Monday, 16 January 2012

Multiple Intelligences in Winter! Part 3

Here comes the final post on learning about winter on the basis of multiple intelligences!

For those of you who missed the first two parts of this article, here are the links.

In this post, let's explore learning about winter on the basis of inter and intra personal intelligences. Read on...

Interpersonal Intelligence

This exercise will take a little more planning on your part but the effort will be worth it. Arrange to have your child’s friends over at your home on a weekend. Set the theme as “Winter” and inform all the other parents about the same. Ask each child to come prepared to show or do something specific related to winter. It could be anything- dressing up as a snowman  painting a picture of winter, creating something that is typical of winter (winter craft), composing a poem or story on winter, showing a Cd or pictures related to the season etc. Feel free to use your imagination to get more ideas. There are no rules! Once all the children assemble, get them to talk to the group about their individual ideas. For instance, if one child has made up a winter story, encourage her to narrate it to the group. This way each child gets to talk about their unique winter idea, the other children learn to listen to others, they learn to take turns and ask questions. In short, they learn through their interpersonal intelligence. Be aware that not all children will come forward to share. Do not force a child who is hesitant to speak up to share. You can ask the child if you can tell the group about her idea and if she agrees, do acknowledge whatever that child has created by sharing it with the group.  Remember that the children who are quiet are getting exposure to interpersonal interactions and that is more than enough at this point of time. There is no need to pressurise  them to speak.

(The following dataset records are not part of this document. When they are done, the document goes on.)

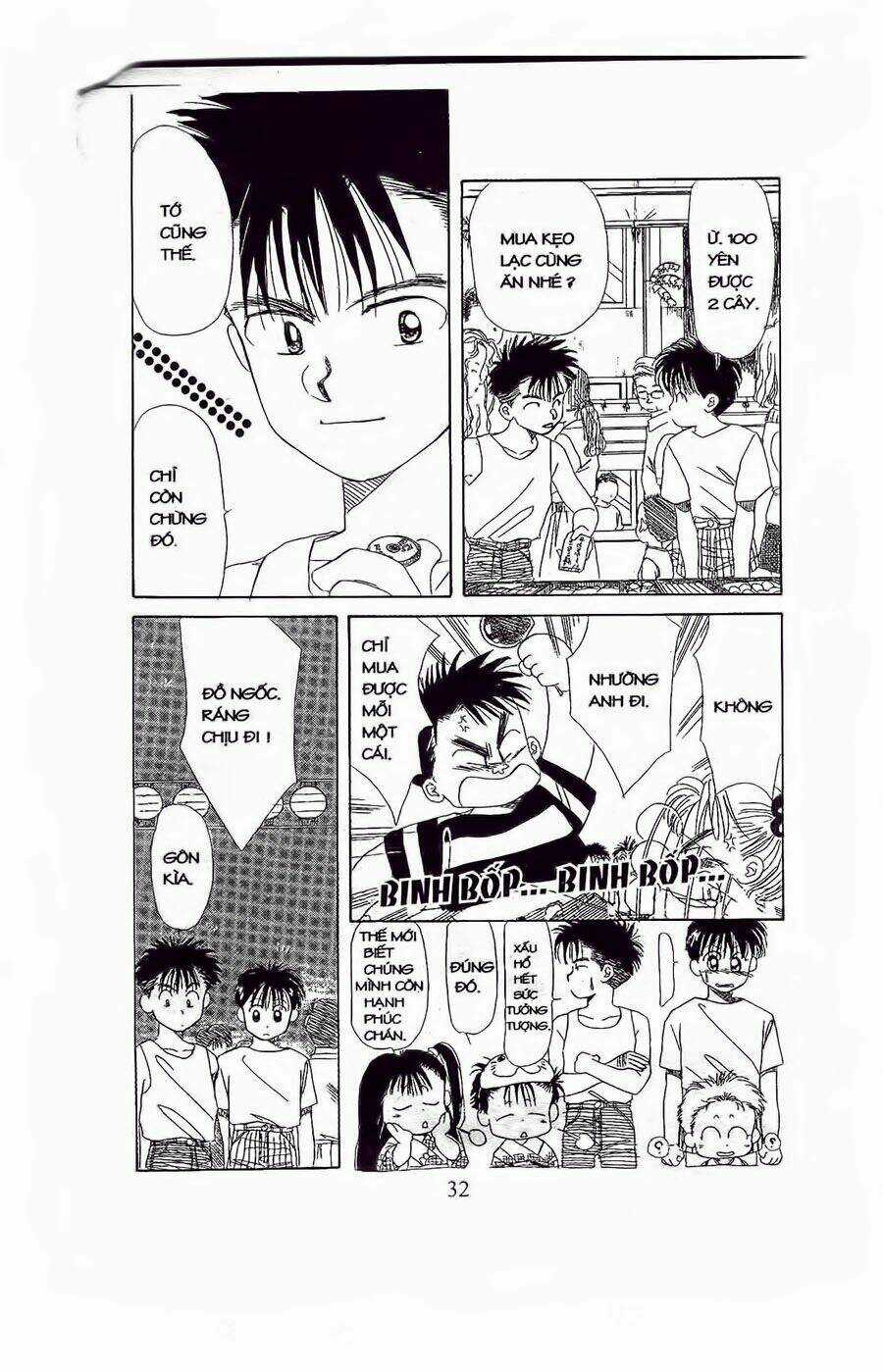 Em Bé Và Tôi - Chapter 19 - Trang 31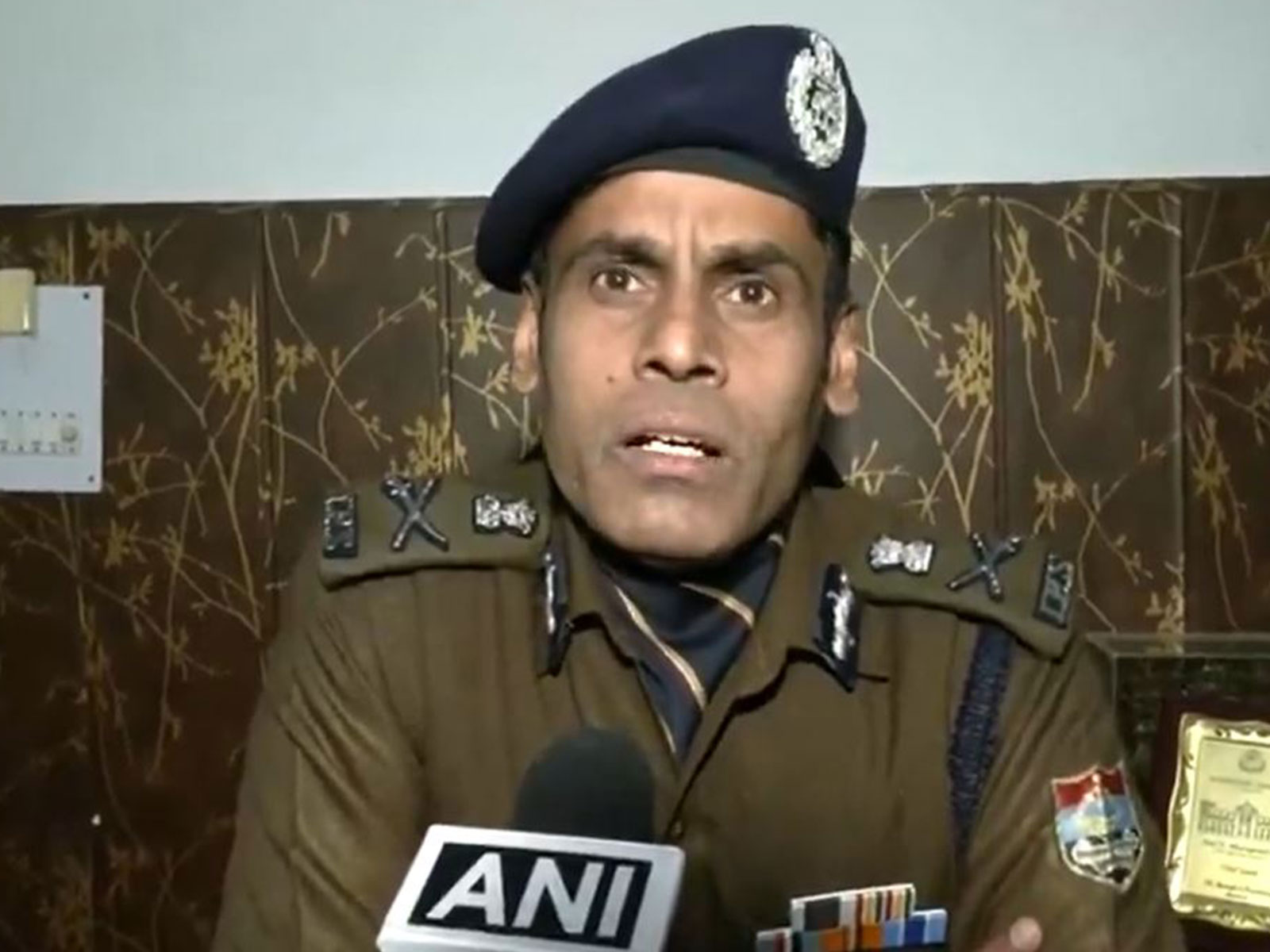 Uttarakhand Additional Director General of Police (ADGP) (Law and Order) V Murugesan (Photo/ANI)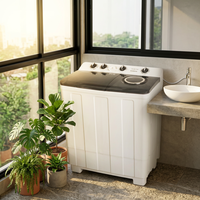 Best Seller 7KG Amazing Price New Twin Tub Washing Machine for Household Appliances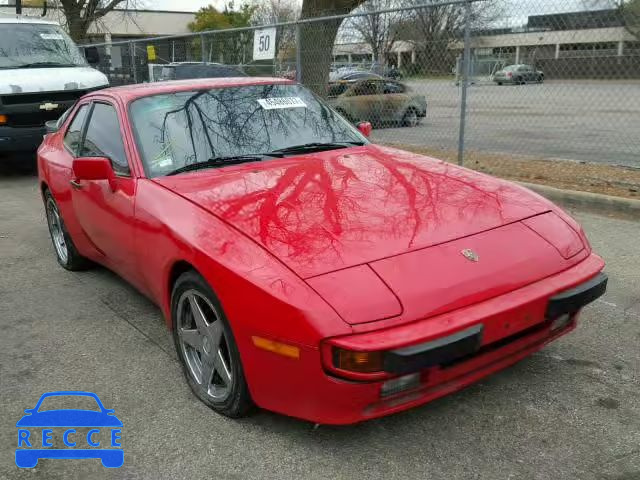 1987 PORSCHE 944 WP0AA0941HN451993 зображення 0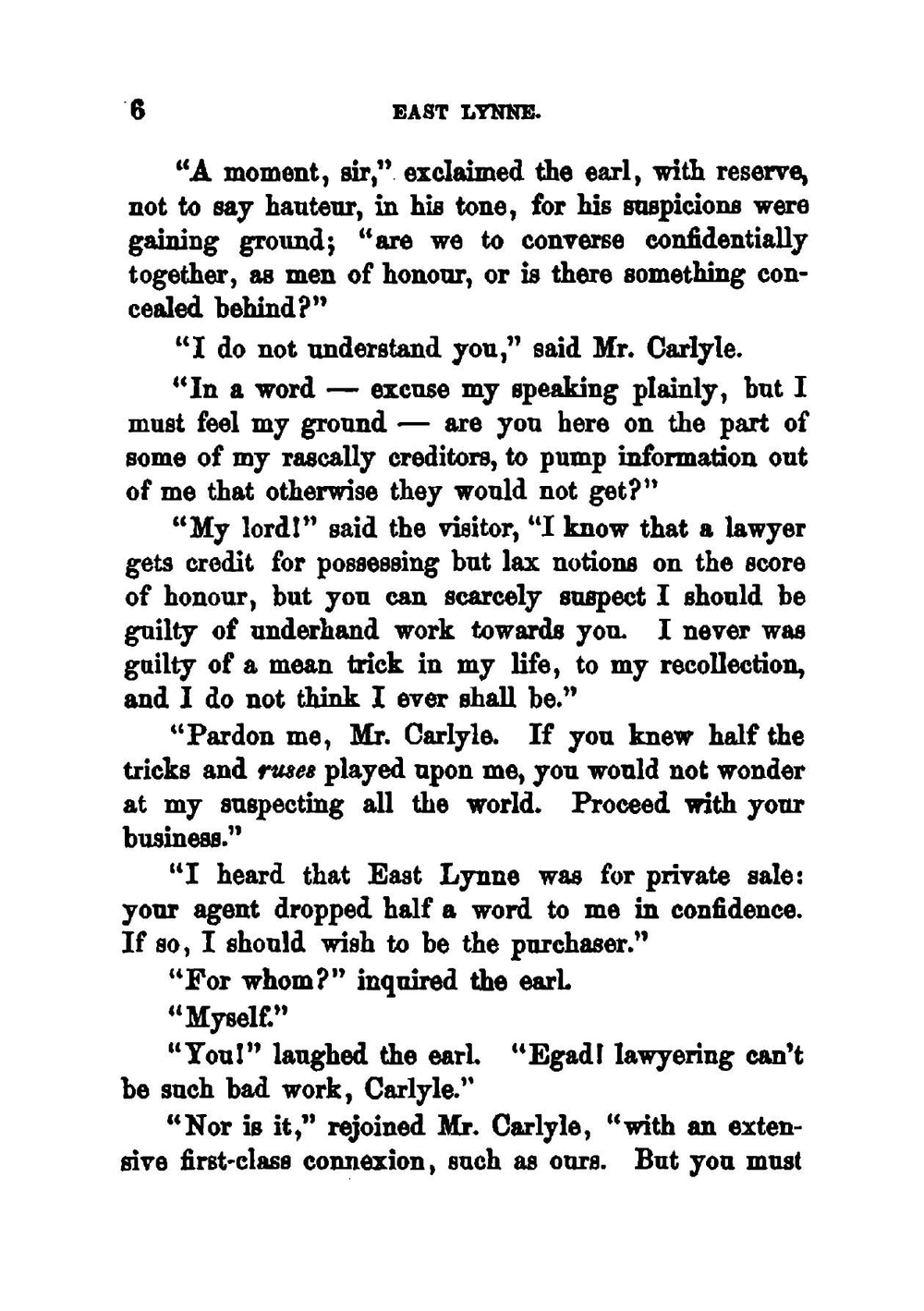 East Lynne | Ellen Wood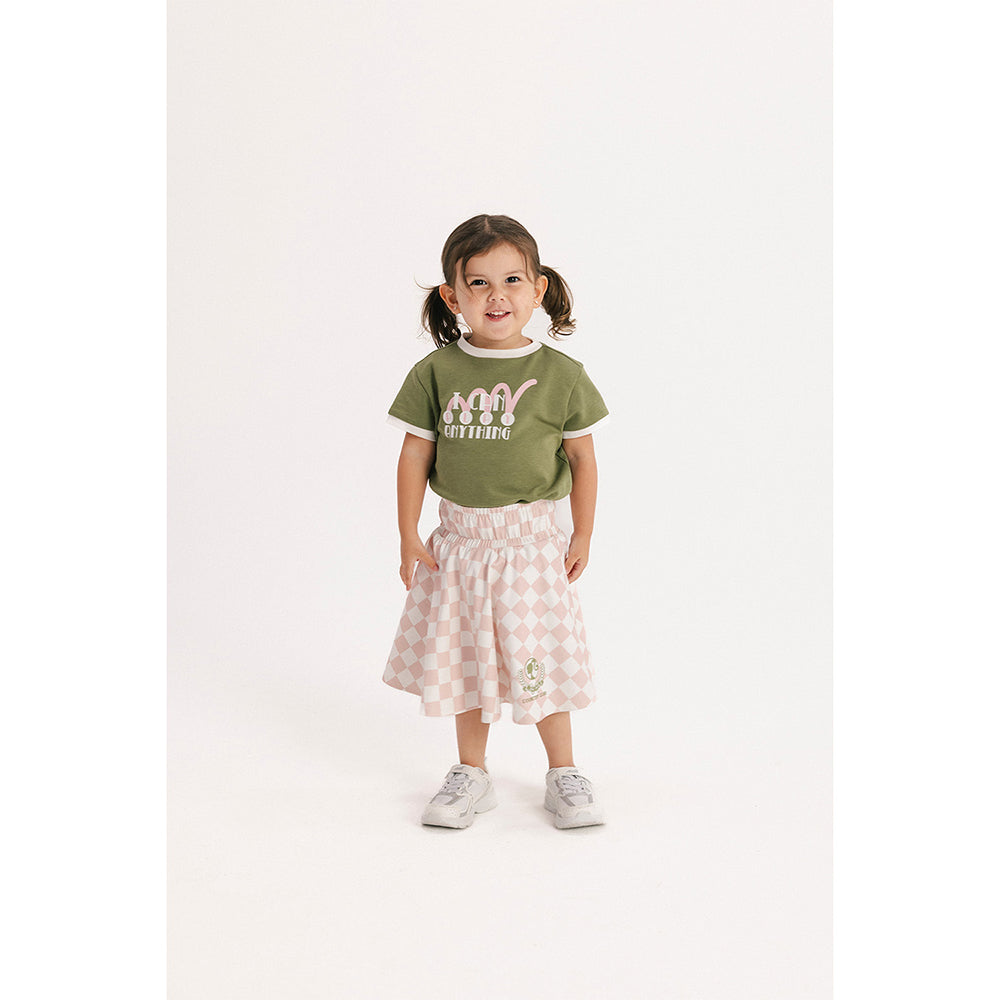 Fore All x Barbie™ Girls' I Can Play Anything Tee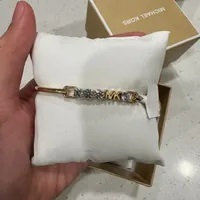[S] MICHAEL KORS BRACELET,GOLD, 238058-2670 (SMK760)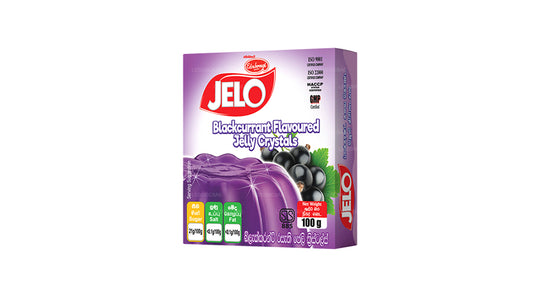 Edinborough Jelo Gelee mit schwarzen Johannisbeeren (100 g)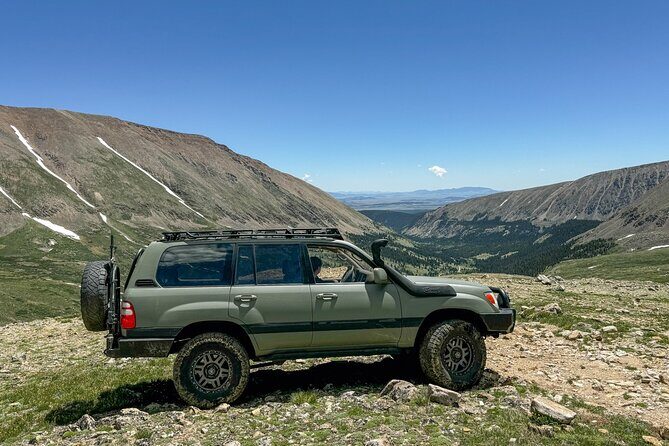 Private Pikes Peak Region Backcountry Half Day Adventure Tour - The Sum Up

Intrapersonal Intelligence

  • Remember the walk you took with your child on a cold winter morning? If your child can write, tell her to write about her experience on that day- how she felt, what she saw, what she liked about that morning, what she did not like etc.
  • If your child likes pretend play, encourage her to play with her favourite doll or toy, while pretending that it is winter. Let her do whatever one would do in winter and act it out with her doll. She can act it out herself if she does not prefer doing it with her doll. If you have a boy, he can do something similar with a car or any other toy he prefers.As always, nothing is compulsory.These ideas can always be modified to suit your child's personality.